Perfect competition can be used as a yardstick to compare with other market structures because it displays high levels of economic efficiency
In both the short and long run we find that price is equal to marginal cost (P=MC) and thus allocative efficiency is achieved. At the ruling price, consumer and producer surplus are maximised. No one can be made better off without making some other agent at least as worse off – i.e. we achieve a Pareto optimum allocation of resources.
Productive efficiency occurs when the equilibrium output is supplied at minimum average cost. This is attained in the long run for a competitive market. Firms with high unit costs may not be able to justify remaining in the industry as the market price is driven down by the forces of competition.

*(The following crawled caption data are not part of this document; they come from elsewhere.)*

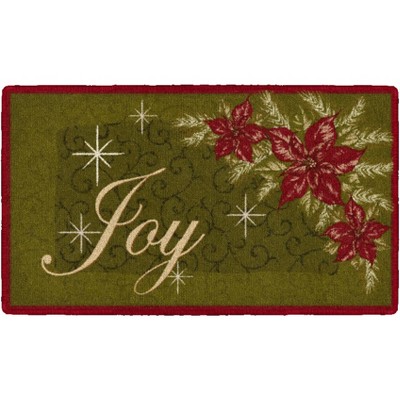 Brumlow Mills Poinsettia Area Rug, 1'8" x 2'10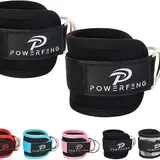 Ankle Strap Cable Machine Women, Glute Kickback Ankle Cuffs for Leg Workout Home Gym, for Leg Extensions & Booty Hip Abductors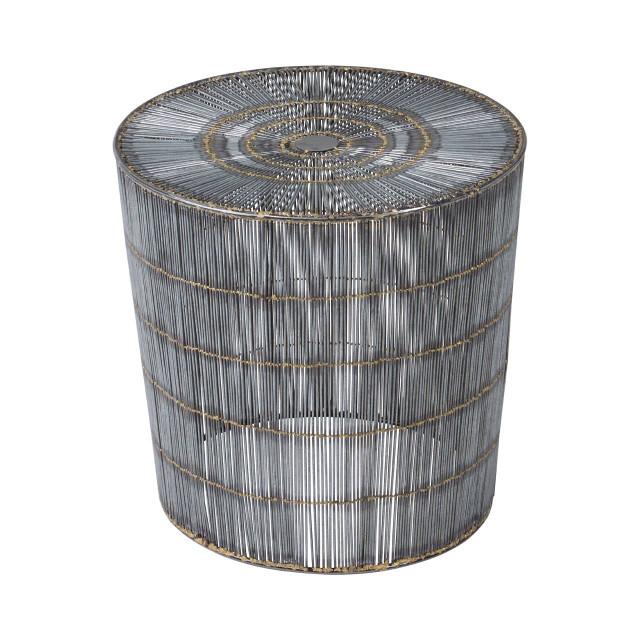 Premier Housewares Templar Silver Wireframe Side Table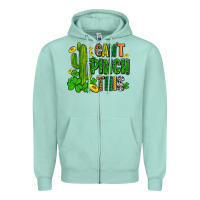 Seafoam cant pinch this with clovers Zipper Hoodie - AdoDesignShop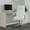White, variant on Merrick Lane Indoor High-Back Office Desk Chair with Padded Arms, Black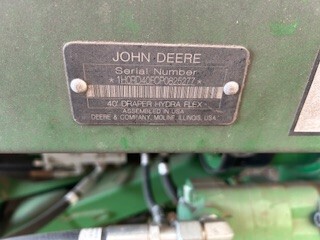 2023 John Deere RD40F Header Combine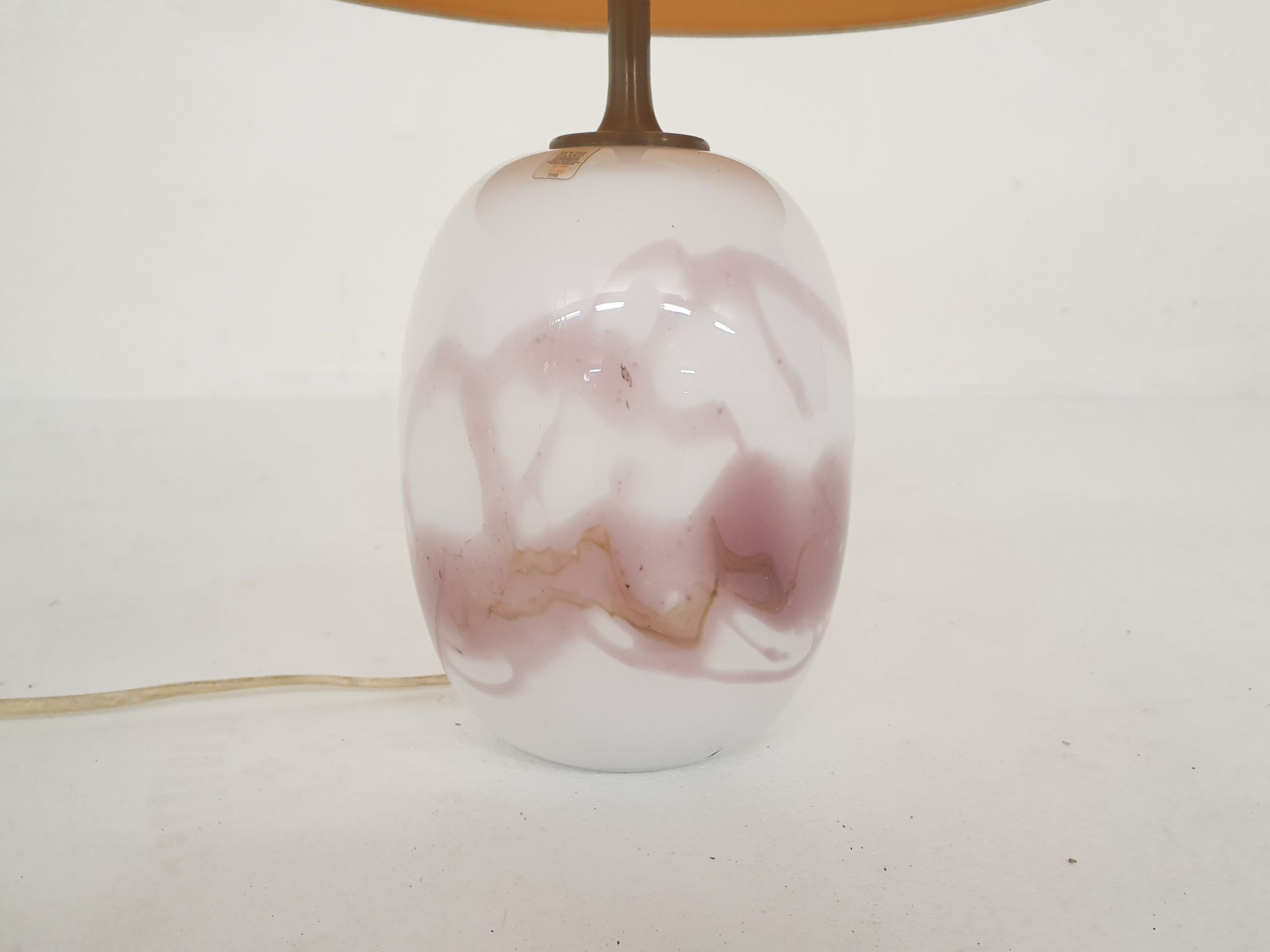 Michael Bang "Sakura" glass table light for Holmegaard, Denmark 1980's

We assume that a perfectly competitive market produces homogeneous products – in other words, there is little scope for innovation designed purely to make products differentiated from each other and allow a supplier to develop and then exploit a competitive advantage in the market to establish some monopoly power.
Is perfect competition good for economic efficiency?
Some economists claim that perfect competition is not a good market structure for high levels of research and development spending and the resulting product and process innovations.
Indeed it may be the case that monopolistic or oligopolistic markets are more effective long term in creating the environment for research and innovation to flourish. A cost-reducing innovation from one producer will, under the assumption of perfect information, be immediately and without cost transferred to all of the other suppliers.
That said a contestable market provides the discipline on firms to keep their costs under control, to seek to minimise wastage of scarce resources and to refrain from exploiting the consumer by setting high prices and enjoying high profit margins. In this sense, competition can stimulate improvements in both static and dynamic efficiency over time.
The long run of perfect competition, therefore, exhibits optimal levels of economic efficiency. But for this to be achieved all of the conditions of perfect competition must hold – including in related markets.